* [Work order]:
Only the lines from the line containing "Обложка книги Арти" to the end of the entries should be repeated, exactly as they appear.

* [Dataset records]:
※ ※ ※

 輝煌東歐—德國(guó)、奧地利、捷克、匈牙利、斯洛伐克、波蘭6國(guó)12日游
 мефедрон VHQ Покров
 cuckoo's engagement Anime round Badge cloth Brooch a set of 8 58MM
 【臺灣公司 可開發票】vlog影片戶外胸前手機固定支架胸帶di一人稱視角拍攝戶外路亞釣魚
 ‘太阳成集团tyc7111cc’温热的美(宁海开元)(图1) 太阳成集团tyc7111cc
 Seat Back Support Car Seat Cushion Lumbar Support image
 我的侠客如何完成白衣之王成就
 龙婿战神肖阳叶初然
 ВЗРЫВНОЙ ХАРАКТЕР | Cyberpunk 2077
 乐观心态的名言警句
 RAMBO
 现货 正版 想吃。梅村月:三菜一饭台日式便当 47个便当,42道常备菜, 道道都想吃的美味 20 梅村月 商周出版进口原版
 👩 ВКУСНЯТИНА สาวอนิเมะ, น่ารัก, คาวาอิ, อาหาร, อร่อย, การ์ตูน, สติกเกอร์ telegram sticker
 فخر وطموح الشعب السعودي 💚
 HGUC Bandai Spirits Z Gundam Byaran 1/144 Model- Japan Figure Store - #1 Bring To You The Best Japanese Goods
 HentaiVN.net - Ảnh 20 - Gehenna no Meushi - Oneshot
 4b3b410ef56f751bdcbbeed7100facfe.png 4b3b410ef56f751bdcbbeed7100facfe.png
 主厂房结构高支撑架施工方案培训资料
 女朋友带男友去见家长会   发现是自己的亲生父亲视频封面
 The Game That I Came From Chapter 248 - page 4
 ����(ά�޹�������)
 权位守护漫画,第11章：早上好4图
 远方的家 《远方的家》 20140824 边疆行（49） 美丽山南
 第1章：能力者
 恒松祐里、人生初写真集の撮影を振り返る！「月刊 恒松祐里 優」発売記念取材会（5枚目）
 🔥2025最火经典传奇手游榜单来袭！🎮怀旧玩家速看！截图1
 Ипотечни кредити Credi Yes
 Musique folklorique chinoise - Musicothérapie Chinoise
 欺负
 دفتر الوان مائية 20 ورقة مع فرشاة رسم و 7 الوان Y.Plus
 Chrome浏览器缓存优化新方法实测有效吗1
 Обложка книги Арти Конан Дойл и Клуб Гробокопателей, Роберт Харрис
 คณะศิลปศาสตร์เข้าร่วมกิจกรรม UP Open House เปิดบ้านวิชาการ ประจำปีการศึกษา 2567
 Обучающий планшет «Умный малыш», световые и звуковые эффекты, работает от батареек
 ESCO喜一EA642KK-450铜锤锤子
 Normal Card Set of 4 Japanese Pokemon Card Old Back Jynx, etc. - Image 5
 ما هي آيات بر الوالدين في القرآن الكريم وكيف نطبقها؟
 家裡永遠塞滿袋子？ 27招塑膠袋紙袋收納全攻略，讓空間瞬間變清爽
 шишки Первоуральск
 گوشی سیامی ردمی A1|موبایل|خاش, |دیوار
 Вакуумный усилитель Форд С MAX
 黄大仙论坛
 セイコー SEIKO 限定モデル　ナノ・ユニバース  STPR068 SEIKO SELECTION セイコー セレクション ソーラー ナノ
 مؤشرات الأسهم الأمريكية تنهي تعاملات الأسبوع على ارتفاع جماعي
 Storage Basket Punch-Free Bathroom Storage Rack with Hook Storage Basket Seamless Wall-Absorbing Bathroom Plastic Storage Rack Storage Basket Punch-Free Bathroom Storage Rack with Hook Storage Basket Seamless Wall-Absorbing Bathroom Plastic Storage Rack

※ ※ ※

* [Answer to this task]:
 Обложка книги Арти Конан Дойл и Клуб Гробокопателей, Роберт Харрис
 คณะศิลปศาสตร์เข้าร่วมกิจกรรม UP Open House เปิดบ้านวิชาการ ประจำปีการศึกษา 2567
 Обучающий планшет «Умный малыш», световые и звуковые эффекты, работает от батареек
 ESCO喜一EA642KK-450铜锤锤子
 Normal Card Set of 4 Japanese Pokemon Card Old Back Jynx, etc. - Image 5
 ما هي آيات بر الوالدين في القرآن الكريم وكيف نطبقها؟
 家裡永遠塞滿袋子？ 27招塑膠袋紙袋收納全攻略，讓空間瞬間變清爽
 шишки Первоуральск
 گوشی سیامی ردمی A1|موبایل|خاش, |دیوار
 Вакуумный усилитель Форд С MAX
 黄大仙论坛
 セイコー SEIKO 限定モデル　ナノ・ユニバース  STPR068 SEIKO SELECTION セイコー セレクション ソーラー ナノ
 مؤشرات الأسهم الأمريكية تنهي تعاملات الأسبوع على ارتفاع جماعي
 Storage Basket Punch-Free Bathroom Storage Rack with Hook Storage Basket Seamless Wall-Absorbing Bathroom Plastic Storage Rack Storage Basket Punch-Free Bathroom Storage Rack with Hook Storage Basket Seamless Wall-Absorbing Bathroom Plastic Storage Rack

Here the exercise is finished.